By Paul Omorogbe
An environmental activist and Director of Health of Mother Earth Foundation (HOMEF), Nnimmo Bassey, has called on the Lagos State government and its contractors to stop the dredging of Makoko waterfront and pay attention to its teeming population of residents.
According to him: “There is need for government to have open conversations with the people who have deep knowledge of the environment and have made massive economic contributions to the State. The idea of using development as a foil for grabbing waterfronts, displacing and destroying the lives and cultures of the people must be halted.”

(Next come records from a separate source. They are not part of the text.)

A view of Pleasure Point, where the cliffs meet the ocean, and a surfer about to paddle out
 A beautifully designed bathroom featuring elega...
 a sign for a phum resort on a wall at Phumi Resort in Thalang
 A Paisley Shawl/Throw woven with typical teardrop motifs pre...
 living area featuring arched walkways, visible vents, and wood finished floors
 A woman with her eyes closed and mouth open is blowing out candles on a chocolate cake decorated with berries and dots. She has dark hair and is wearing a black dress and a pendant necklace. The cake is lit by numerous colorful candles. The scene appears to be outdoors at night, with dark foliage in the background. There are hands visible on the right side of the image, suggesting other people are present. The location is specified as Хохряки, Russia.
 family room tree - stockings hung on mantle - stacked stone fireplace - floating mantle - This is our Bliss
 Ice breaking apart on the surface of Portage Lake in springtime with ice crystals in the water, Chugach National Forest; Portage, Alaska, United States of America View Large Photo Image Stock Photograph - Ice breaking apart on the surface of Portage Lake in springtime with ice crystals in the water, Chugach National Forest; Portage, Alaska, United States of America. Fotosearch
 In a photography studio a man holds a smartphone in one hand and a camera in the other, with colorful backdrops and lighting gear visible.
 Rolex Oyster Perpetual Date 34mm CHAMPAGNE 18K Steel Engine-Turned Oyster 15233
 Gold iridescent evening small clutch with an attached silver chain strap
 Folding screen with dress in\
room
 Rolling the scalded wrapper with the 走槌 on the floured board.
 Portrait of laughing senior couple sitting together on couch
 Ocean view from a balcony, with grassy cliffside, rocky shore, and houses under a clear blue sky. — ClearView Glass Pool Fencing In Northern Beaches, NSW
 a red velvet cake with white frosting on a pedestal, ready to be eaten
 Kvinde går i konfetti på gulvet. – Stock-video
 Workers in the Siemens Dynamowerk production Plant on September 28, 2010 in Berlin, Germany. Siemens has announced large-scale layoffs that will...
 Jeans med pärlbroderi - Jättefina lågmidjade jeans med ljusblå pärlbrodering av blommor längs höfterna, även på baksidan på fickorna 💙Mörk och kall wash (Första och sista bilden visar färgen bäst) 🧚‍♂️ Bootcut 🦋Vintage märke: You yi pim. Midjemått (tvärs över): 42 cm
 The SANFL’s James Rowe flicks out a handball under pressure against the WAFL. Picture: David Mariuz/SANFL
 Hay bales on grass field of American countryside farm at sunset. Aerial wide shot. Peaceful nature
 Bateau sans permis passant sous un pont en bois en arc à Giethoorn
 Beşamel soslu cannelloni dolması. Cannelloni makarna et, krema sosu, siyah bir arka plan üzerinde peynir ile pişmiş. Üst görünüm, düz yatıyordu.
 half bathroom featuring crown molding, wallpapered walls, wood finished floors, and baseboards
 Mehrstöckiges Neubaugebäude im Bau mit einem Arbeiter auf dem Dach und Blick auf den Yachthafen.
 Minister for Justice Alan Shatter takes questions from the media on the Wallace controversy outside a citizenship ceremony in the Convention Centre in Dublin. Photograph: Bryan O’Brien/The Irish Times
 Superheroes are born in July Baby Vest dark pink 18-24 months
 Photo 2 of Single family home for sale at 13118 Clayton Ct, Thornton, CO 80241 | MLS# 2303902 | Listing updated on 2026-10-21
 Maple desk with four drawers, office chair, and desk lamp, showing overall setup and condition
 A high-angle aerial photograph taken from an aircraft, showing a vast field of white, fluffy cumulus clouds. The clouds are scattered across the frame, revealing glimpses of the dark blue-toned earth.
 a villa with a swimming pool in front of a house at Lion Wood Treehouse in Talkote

Bassey added that “Makoko and other underserved communities in Lagos and elsewhere in Nigeria, deserved to be upgraded with adequate supply of social services and not displaced for the benefit of land speculators and other forces of accumulation by dispossession.”
It was gathered that the Lagos State government had awarded a contract for dredging and “reclaiming” the waterfront of the community.
Makoko is an important fishing community located in Yaba Local Government Area of Lagos State, overlooking the Third Mainland Bridge.
The community faces imminent displacement threats. The threat is triggered by on-going dredging of the lagoon and waterfronts in the community. This has destabilised the natural equilibrium of the lagoon ecosystems, and is impacting the people’s livelihoods and raising the spectre of flooding which could ultimately lead to permanent displacement of the inhabitants of Makoko.
HOMEF stated that having listened to distress calls by some Makoko community members, it embarked on a field study in Makoko for assessment of the issues.
According to HOMEF, in recent years, demolition threats have hung heavily over the community. The people fear that what happened in Maroko in 1990, which had 300,000 persons displaced and many lives lost, may be visited on them. It will be recalled that in 2012, the government of Lagos State demolished parts of Makoko community after purportedly giving them only 72 hours’ notice.
Less serviced communities in Lagos have faced similar fates with human rights abuses and deaths trailing such assaults.
Otodo Gbame suffered same fate on April 9, 2017 when the community woke up to see that it was surrounded by heavily armed policemen as their homes were destroyed. A more recent demolition happened in Monkey Village also in Lagos.
HOMEF believes that flood prone cities such as Lagos should cease the acts of so-called land reclamation as such activities worsen the crisis and reduce the city’s climate change resilience.
“Wetlands must remain wetlands and people who have kept such ecosystem balances should be supported and not criminalized or victimised,” stated HOMEF in a release.